YOUR ASSIGNMENT: Except for the pictures, write out all the records that follow exactly.

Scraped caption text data
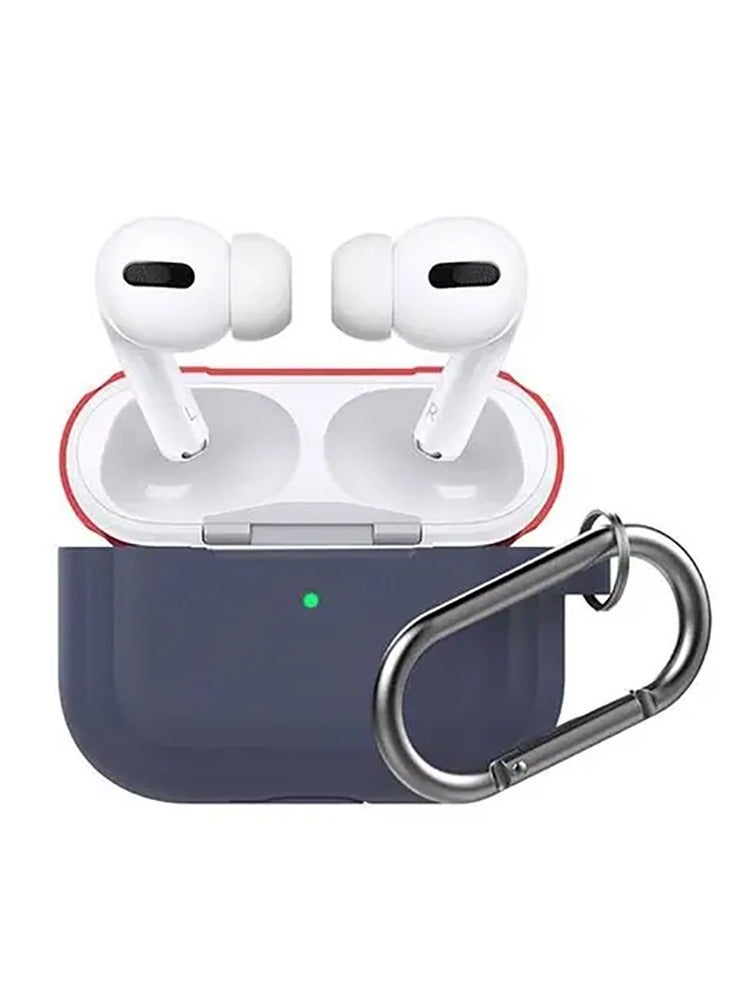 Ahastyle Premium Silicone Two Toned Case with Anti-Lost Keychain Compatible for AirPods Pro / Scratch Resistant / Shock Absorption / Drop Protection / Dustproof - Navy Blue / Red - Image 3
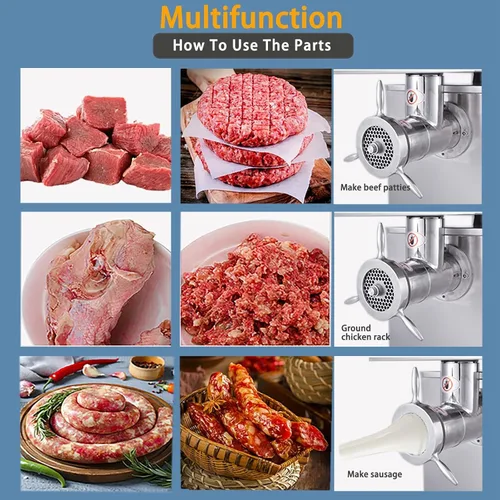 Vista 3 de CuisinSmart Picadora de carne eléctrica profesional – Picadora de acero inoxidable resistente de 3000 W – 2 cuchillas, 2 platos, relleno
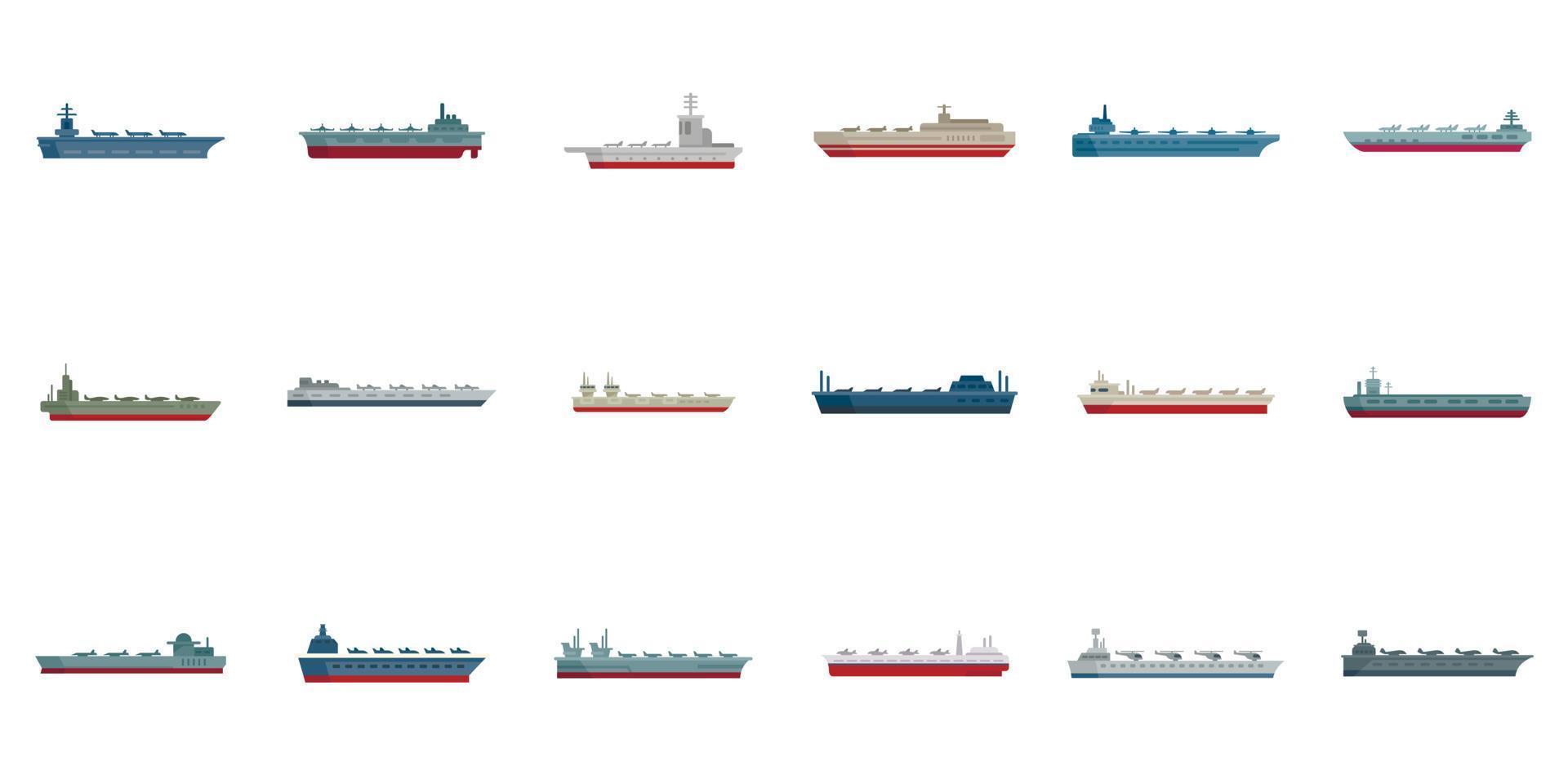 icônes de porte-avions définies vecteur plat. transporteur de l'armée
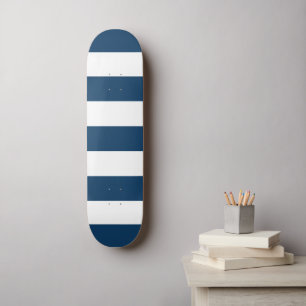 Skateboard Bleu de marine, Blancs, Motif rayé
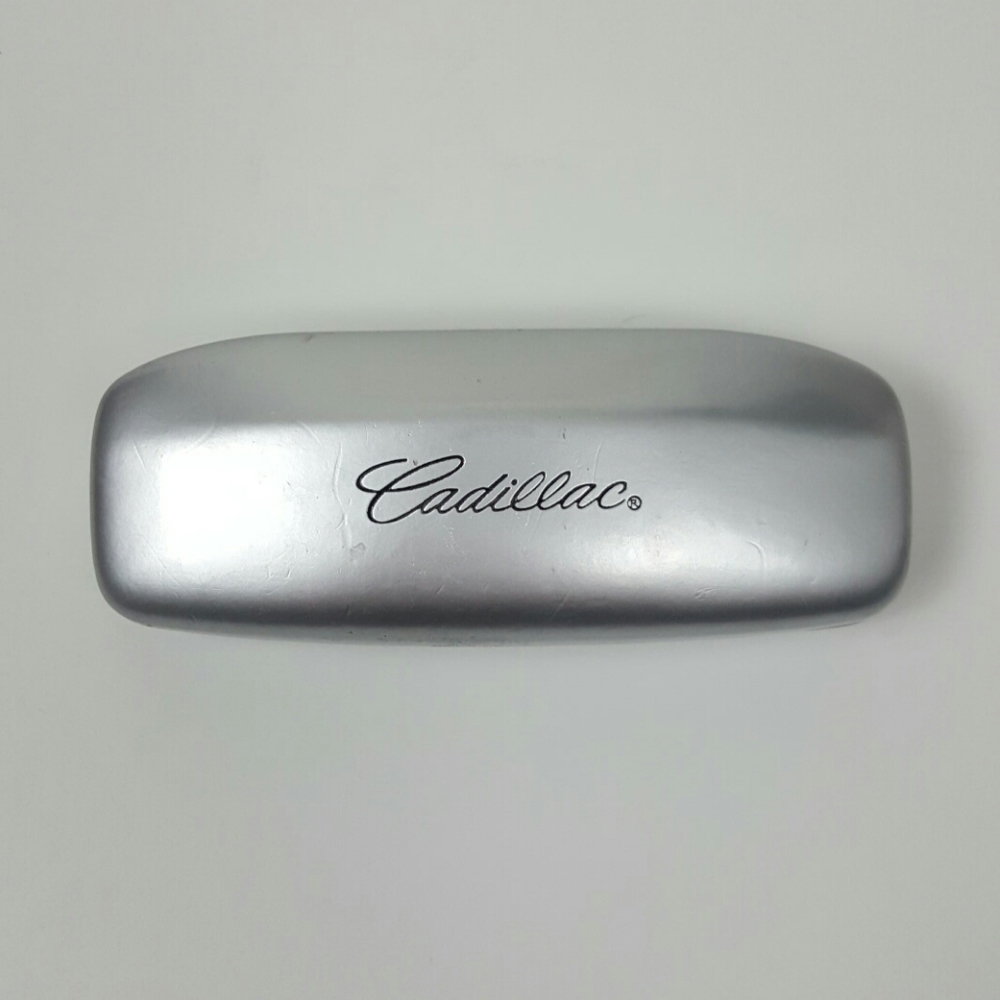 Cadillac reading  glasses case silver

COMPLETED TASK:
 Ahastyle Premium Silicone Two Toned Case with Anti-Lost Keychain Compatible for AirPods Pro / Scratch Resistant / Shock Absorption / Drop Protection / Dustproof - Navy Blue / Red - Image 3
 Vista 3 de CuisinSmart Picadora de carne eléctrica profesional – Picadora de acero inoxidable resistente de 3000 W – 2 cuchillas, 2 platos, relleno
 icônes de porte-avions définies vecteur plat. transporteur de l'armée
 Skateboard Bleu de marine, Blancs, Motif rayé
 Cadillac reading  glasses case silver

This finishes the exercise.